Kısacası bir felaket. Bu gece Moldova ile geçinmeyi umuyorum (sıralamada 158. olsalar bile bu o kadar da belirgin değil) ve Spalletti'nin yerine Claudio Ranieri gibi "güvenli kullanılmış" birinin geçmesini umuyorum, ancak Norveç ile yola çıkma konusundaki tüm bu şaşkınlığın gerçekten yersiz olduğunu tekrarlamak doğru olur. Aynı şekilde, aşağılanmış formadaki bu öfkeli tonlar veya Azzurri'mizin gösterdiği bağlılık eksikliği de ikiyüzlüdür.
Ama neye şaşırıyoruz? Unutulmazların galerisinde kalacak bir defans oyuncusu olmayan Acerbi'nin, bir mesajla çağrıyı nasıl reddettiğini görmedik mi? Ve diğerlerinin hepsinin hangi fiziksel ve zihinsel koşullarda geldiğini görmedik mi? Yarısı tatile, diğeri revir için hazır. Kendini bitkinliğe kadar yiyen bir futbolun gelirini çoğaltmak için taahhütleri çoğaltan çılgın bir programla tükenmiş.

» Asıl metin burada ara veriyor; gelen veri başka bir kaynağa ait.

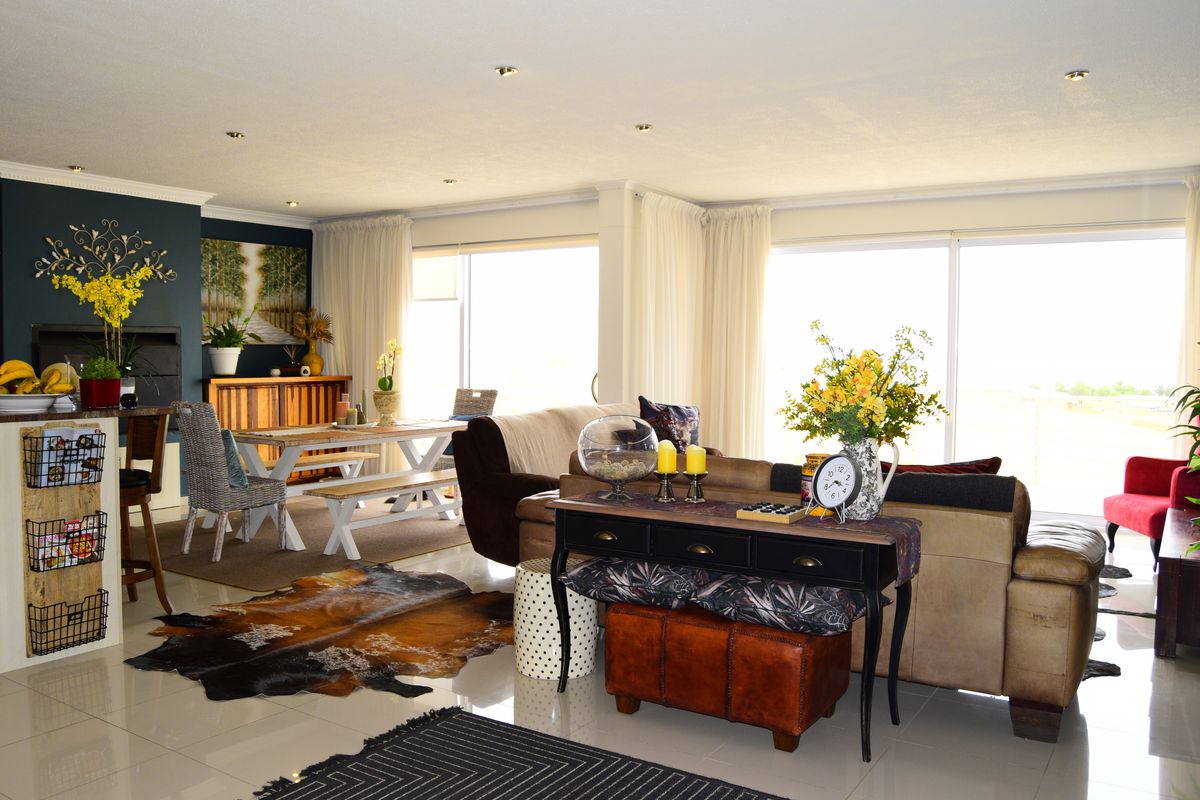 3 Bed. 2.5 Bath Penthouse apartment with Spectacular Views - Photo 2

Şimdi: Spalletti işleri berbat etmiş olmalı. Bir şeyler kontrolden çıkmış olmalı. Basit şeyleri belirsiz şeylere dönüştüren her zaman biraz karmaşık belagati ile. Ve hızlı bir şekilde özümsemesi zor olan belirli taktiksel seçimlerden kaçınabilirdi. Ancak Spalletti Norveç'e karşı sahaya çıkmadı. Peki Barella ve arkadaşlarını gördük mü?
Ayağa kalkamadılar, doğru bir dripling bile yapamadılar, orta saha çizgisini geçmeye asla cesaret edemediler. Guardiola veya Ancelotti yedek kulübesinde olsaydı, bir şey değişir miydi? Bu bizim futbolumuz, nevrotik bir sezon ve İtalyan oyuncuların neredeyse istisna olduğu bir şampiyonlukla yıpranmış.
Inter dışında, diğer üst düzey takımlarda onları bir fenerle aramanız gerekir. Özellikle kilit rollerde. İtalyanca konuşmak için sadece Gabbia'nın kaldığı Milan'a bakalım. Milli takım bile sonunda zarar görüyor. Fark yaratan üç dörtlü sakatlık nedeniyle dışarıdaysa, diğerleri uluslararası karşılaştırmalara alışık olmayan ikinci sınıf oyuncular. Ayrıca çok küstahız. Ve sahada Rovella ve Udogi'miz varken, onların şeytan Haland ve Bundesliga'nın mücevheri olan o sarhoş edici yetenek Nusa'sı olduğunu unutuyoruz.
Fabio Capello da bunu söylüyor, genç takımların zihniyetini değiştirmemiz, yeteneklerimizin daha fazla oynamasına izin vermemiz, tüm maçlarda ilk on birde sahaya sürülmesi için minimum İtalyan barajını zorlamamız gerekiyor. Ancak bunlar işe yaramaz vaazlar. Capello teknik direktör olsaydı, er ya da geç Spalletti gibi olurdu.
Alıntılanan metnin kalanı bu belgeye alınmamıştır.